**Task**
Your output must be the lines below from the line containing "When Is the" to the line containing "Pixie-Inspired Face-Framing On Long Hair", both lines included, reproduced exactly and without pictures.

**Data provided**
▬▬▬

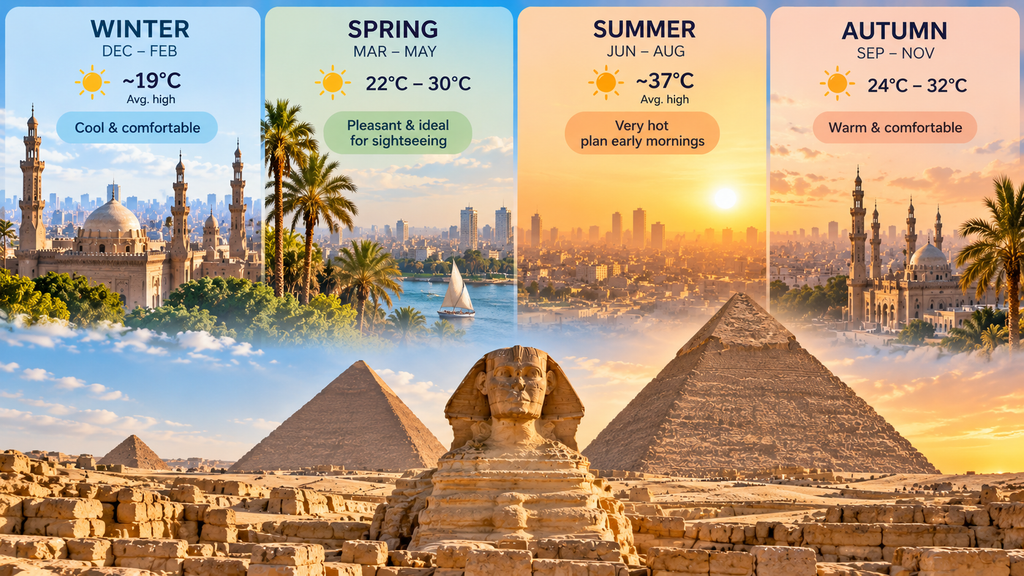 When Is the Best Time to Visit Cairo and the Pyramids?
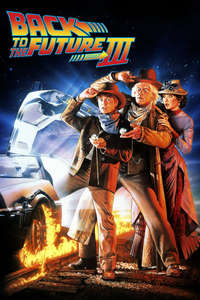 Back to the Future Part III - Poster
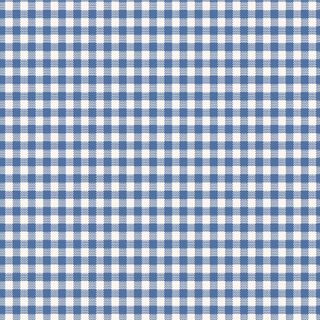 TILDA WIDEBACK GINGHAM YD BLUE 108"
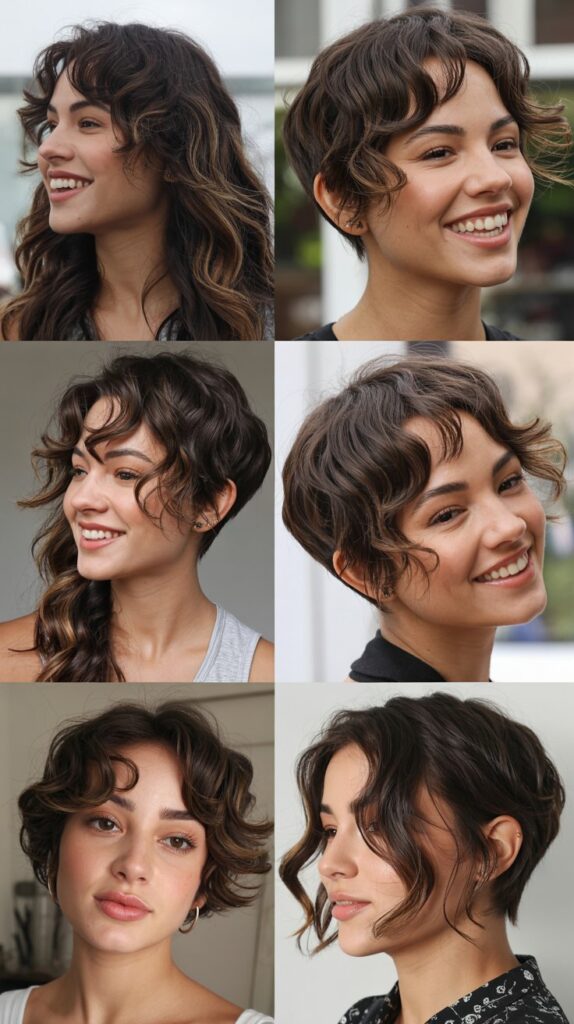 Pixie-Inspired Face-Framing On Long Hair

▬▬▬

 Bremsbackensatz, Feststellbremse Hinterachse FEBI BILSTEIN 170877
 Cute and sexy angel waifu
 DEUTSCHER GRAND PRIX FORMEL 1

▬▬▬

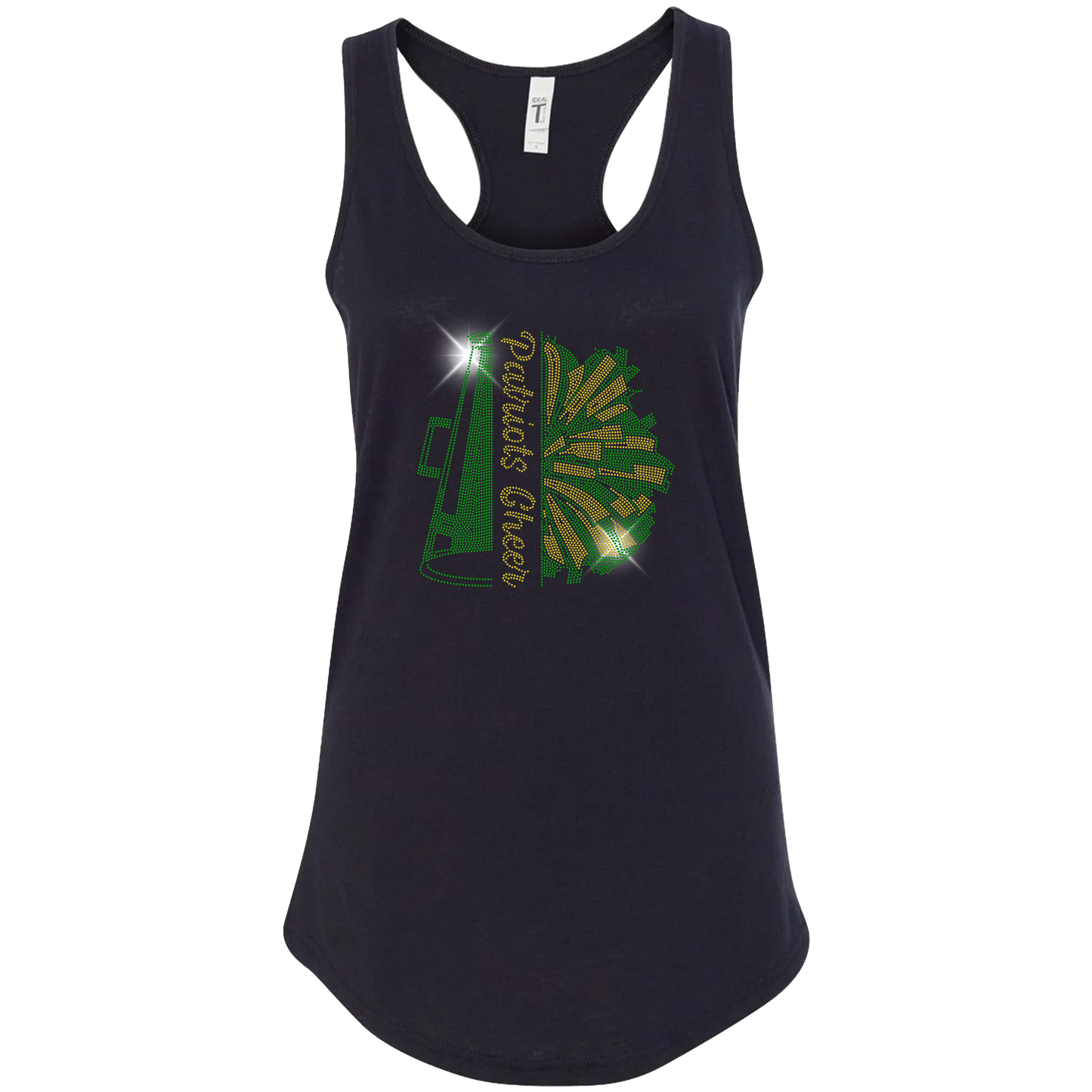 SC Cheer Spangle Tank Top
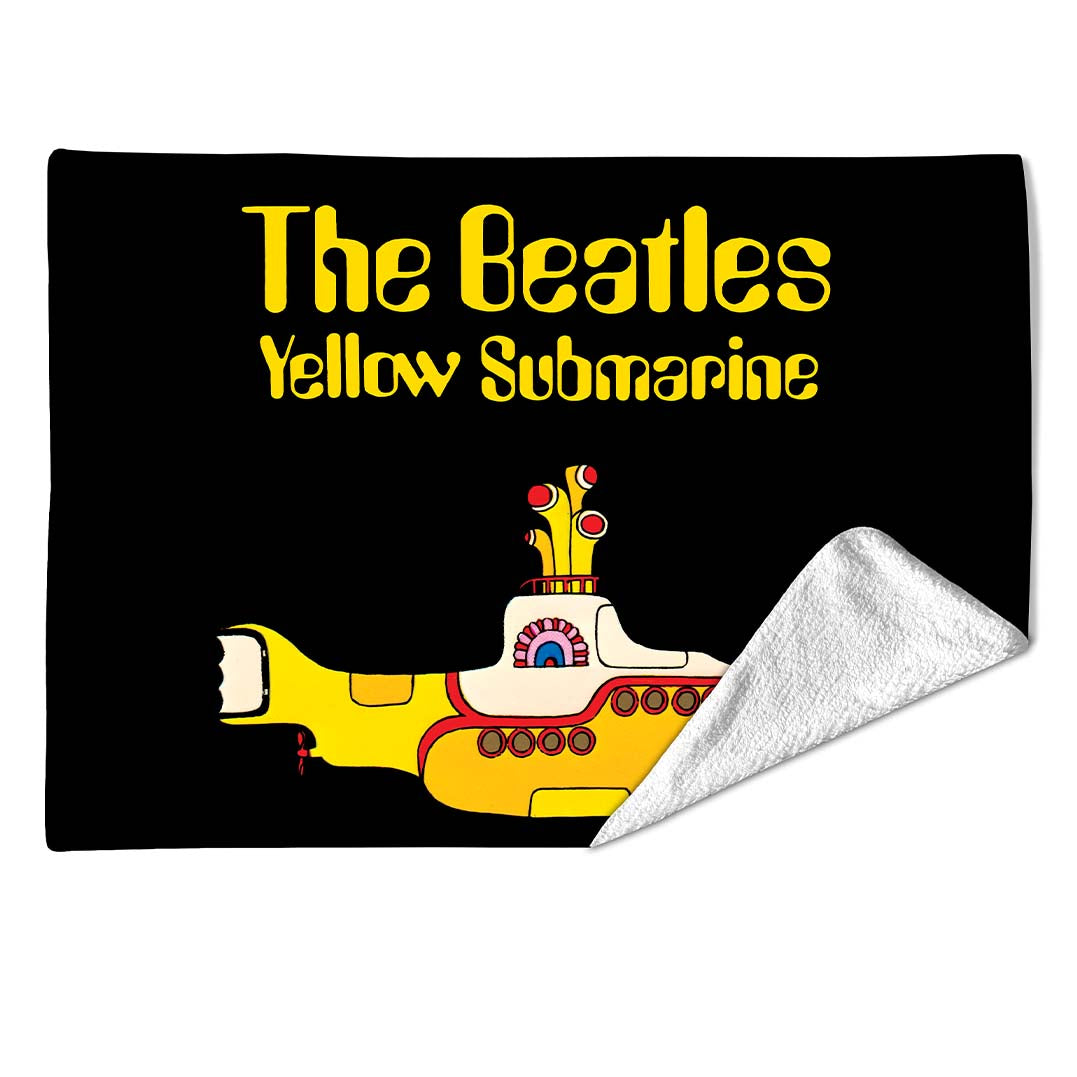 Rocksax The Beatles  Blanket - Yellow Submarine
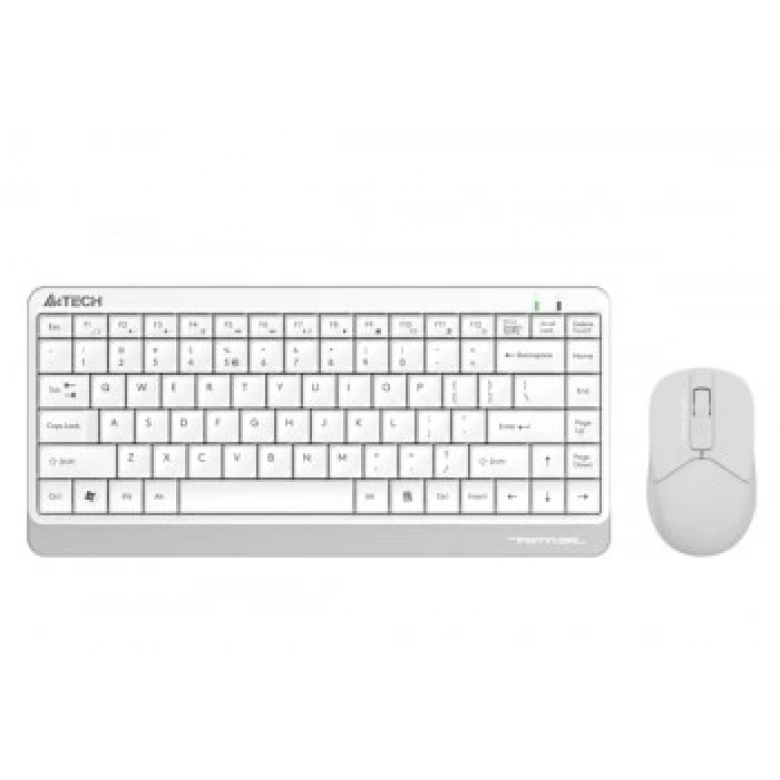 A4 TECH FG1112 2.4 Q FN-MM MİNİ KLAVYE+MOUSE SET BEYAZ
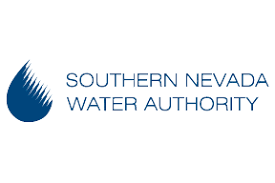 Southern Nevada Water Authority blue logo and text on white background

▬▬▬

**Answer to this problem**
 When Is the Best Time to Visit Cairo and the Pyramids?
 Back to the Future Part III - Poster
 TILDA WIDEBACK GINGHAM YD BLUE 108"
 Pixie-Inspired Face-Framing On Long Hair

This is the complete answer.